I wrote a little bit here about my experiences with this sort of thing. There's not much you can do when this starts happening at a company. You can try to wait it out and hope that your PHB will leave or get fired, you can argue your case with a higher power (which will mark you as a troublemaker in the eyes of your PHB), you can go with it, or you can leave. If you don't feel that the decision is likely to get changed, my advice would be to try it out (i.e. give their decision a chance and see if it does make anything better) and then leave if you aren't having fun.
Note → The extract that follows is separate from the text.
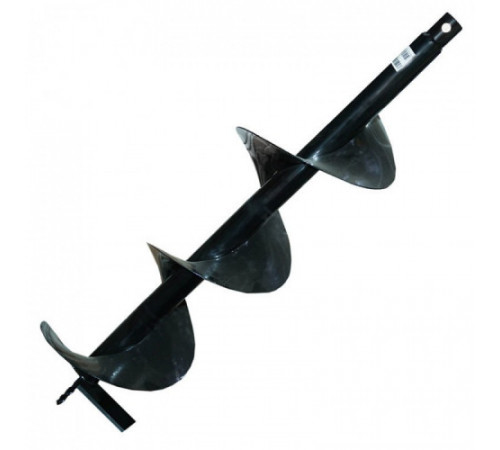 Бур HUTER AG-200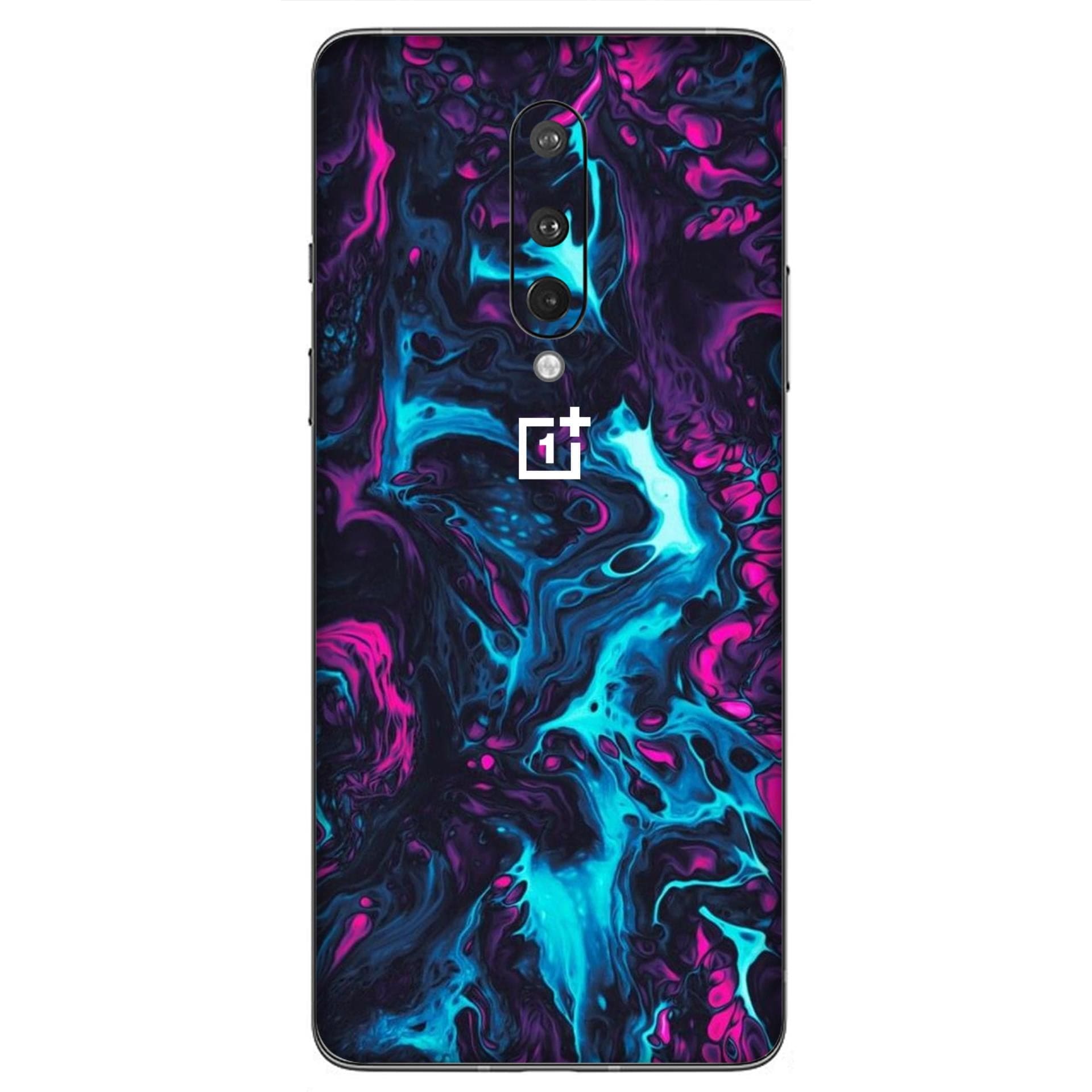 OnePlus 8 Skins & Wraps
The strongest argument that manager types understand about this sort of thing is that it will cost a lot more to use Java. Potentially millions more when you account for commercial app servers, IDEs, extra hardware (commercial app servers tend to be very slow), and much longer development times. Open source Java tools can be an enjoyable experience, but the expensive commercial ones tend to be painful and slow. If you want to fight it, that's probably your best area of argument.


Comment on Re: Perl falls victim to shifting trends
Re: Perl falls victim to shifting trends
by Abigail-II (Bishop) on Aug 19, 2002 at 16:17 UTC
    The strongest argument that manager types understand about this sort of thing is that it will cost a lot more to use Java.
    That is a strong argument, but not at all easy to prove. Just coding the thing in Java might be more enjoyable than the research and the meetings you have to do to prove that it's more expensive in Java. If you even can prove it.